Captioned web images

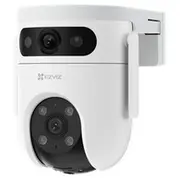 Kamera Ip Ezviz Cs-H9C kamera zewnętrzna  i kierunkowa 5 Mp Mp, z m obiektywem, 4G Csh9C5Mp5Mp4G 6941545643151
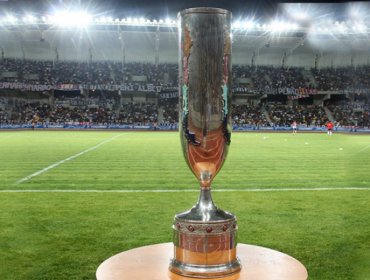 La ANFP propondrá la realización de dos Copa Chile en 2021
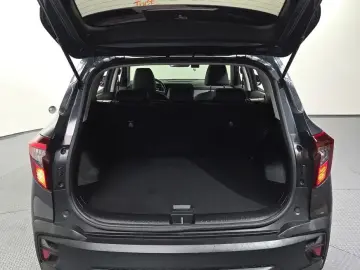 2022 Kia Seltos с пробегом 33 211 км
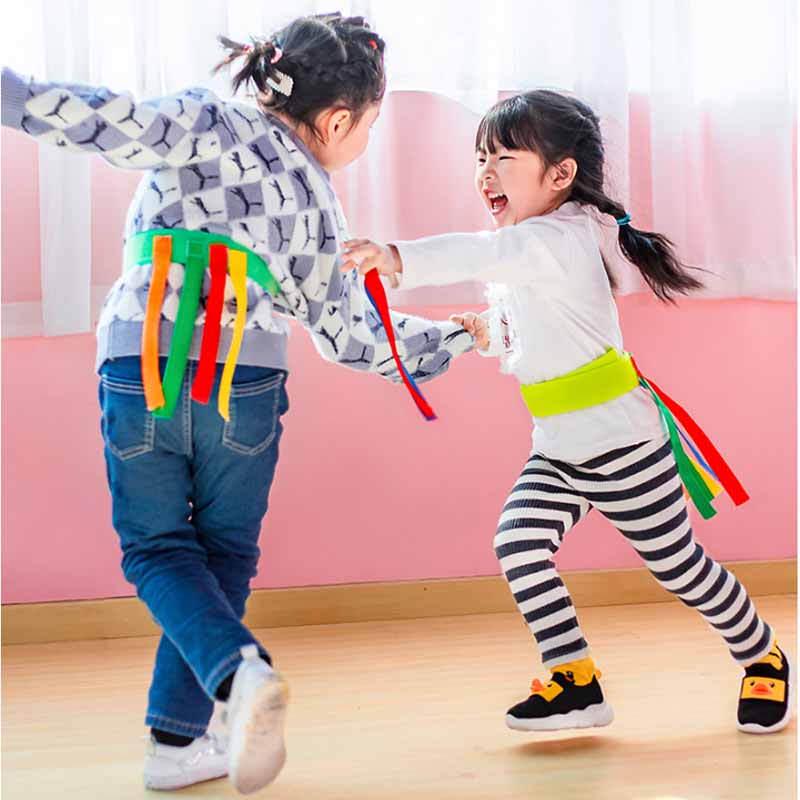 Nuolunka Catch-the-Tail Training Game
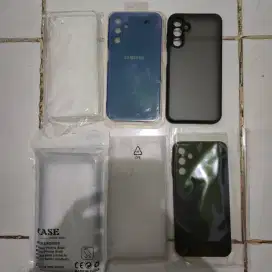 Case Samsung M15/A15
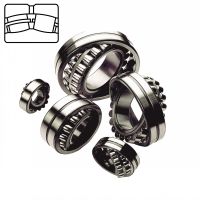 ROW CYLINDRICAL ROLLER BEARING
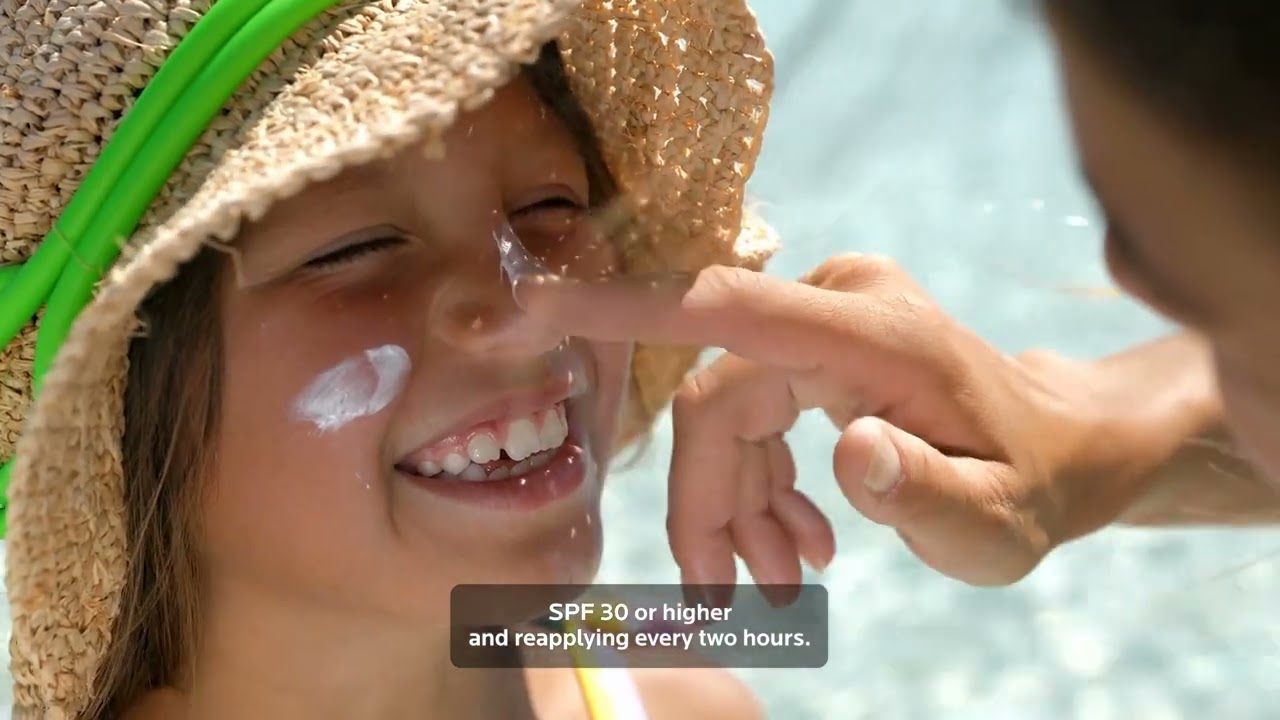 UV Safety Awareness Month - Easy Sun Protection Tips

- [Aim of the exercise]: Every line above should be duplicated exactly; the pictures are to be left out.

- [Exercise result]:
 Kamera Ip Ezviz Cs-H9C kamera zewnętrzna  i kierunkowa 5 Mp Mp, z m obiektywem, 4G Csh9C5Mp5Mp4G 6941545643151
 La ANFP propondrá la realización de dos Copa Chile en 2021
 2022 Kia Seltos с пробегом 33 211 км
 Nuolunka Catch-the-Tail Training Game
 Case Samsung M15/A15
 ROW CYLINDRICAL ROLLER BEARING
 UV Safety Awareness Month - Easy Sun Protection Tips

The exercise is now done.